- WHAT THE EXERCISE ASKS
Every line in the records below that holds the word "vidaXL" is to be copied.

(Stored entries)
+++
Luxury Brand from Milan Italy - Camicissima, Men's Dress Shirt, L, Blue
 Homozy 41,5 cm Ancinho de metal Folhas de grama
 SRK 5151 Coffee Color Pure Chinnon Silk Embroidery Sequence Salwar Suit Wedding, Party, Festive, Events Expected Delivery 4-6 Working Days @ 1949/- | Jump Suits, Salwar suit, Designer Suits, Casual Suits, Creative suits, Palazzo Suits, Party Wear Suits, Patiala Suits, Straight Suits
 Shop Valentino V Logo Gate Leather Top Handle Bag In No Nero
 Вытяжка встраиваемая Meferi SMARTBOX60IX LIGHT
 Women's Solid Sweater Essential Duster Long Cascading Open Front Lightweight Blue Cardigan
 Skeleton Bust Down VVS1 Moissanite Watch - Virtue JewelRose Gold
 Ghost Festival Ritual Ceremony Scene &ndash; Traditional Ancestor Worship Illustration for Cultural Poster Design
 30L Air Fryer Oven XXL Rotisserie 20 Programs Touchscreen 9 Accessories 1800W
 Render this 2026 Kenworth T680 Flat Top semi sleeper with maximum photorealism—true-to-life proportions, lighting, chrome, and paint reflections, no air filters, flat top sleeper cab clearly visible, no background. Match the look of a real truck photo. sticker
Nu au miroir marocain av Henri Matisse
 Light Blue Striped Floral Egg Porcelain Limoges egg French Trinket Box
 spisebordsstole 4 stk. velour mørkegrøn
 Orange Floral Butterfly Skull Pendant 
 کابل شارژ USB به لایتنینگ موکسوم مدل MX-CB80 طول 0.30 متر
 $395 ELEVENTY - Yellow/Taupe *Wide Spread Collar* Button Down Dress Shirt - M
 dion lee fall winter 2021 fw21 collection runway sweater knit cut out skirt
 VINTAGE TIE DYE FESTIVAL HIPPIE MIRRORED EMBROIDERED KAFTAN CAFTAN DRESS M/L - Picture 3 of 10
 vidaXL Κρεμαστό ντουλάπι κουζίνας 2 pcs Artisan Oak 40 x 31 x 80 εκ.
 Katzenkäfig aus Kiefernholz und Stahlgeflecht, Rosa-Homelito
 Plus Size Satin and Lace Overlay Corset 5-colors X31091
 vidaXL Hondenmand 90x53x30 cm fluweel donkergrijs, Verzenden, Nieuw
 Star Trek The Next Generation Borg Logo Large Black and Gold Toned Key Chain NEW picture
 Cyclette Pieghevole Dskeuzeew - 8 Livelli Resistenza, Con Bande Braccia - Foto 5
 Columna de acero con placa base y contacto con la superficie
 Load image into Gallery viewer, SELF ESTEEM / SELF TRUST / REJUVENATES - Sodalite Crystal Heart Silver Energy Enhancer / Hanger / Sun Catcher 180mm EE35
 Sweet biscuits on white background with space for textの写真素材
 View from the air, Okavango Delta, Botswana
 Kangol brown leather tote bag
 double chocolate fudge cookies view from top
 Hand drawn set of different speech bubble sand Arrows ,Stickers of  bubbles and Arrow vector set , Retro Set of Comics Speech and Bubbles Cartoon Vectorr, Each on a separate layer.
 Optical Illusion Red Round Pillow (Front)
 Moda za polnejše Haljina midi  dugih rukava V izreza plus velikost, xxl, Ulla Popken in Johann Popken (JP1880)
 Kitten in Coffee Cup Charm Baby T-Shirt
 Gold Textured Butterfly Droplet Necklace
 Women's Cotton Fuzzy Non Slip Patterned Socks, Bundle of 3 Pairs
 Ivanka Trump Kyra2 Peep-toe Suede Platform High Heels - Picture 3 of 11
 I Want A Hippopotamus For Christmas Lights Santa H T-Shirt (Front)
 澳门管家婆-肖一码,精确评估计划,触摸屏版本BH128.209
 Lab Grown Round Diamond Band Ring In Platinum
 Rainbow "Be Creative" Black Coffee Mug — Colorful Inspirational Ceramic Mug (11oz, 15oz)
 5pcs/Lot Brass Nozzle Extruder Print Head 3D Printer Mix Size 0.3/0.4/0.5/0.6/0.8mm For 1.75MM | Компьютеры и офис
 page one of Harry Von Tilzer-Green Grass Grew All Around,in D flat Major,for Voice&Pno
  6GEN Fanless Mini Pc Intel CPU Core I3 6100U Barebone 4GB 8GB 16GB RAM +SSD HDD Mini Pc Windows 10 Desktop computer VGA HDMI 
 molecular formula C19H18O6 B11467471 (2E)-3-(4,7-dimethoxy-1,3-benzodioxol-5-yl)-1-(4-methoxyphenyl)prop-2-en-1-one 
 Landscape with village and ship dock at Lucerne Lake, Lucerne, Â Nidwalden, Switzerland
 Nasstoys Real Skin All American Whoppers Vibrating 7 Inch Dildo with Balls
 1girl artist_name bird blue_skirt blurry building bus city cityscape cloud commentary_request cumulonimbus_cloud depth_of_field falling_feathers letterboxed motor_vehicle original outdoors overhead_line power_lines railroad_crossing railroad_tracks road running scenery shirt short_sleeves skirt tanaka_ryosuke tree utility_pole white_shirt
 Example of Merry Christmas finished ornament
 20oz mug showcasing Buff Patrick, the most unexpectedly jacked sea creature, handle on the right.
+++
- EXERCISE SOLUTION
 vidaXL Κρεμαστό ντουλάπι κουζίνας 2 pcs Artisan Oak 40 x 31 x 80 εκ.
 vidaXL Hondenmand 90x53x30 cm fluweel donkergrijs, Verzenden, Nieuw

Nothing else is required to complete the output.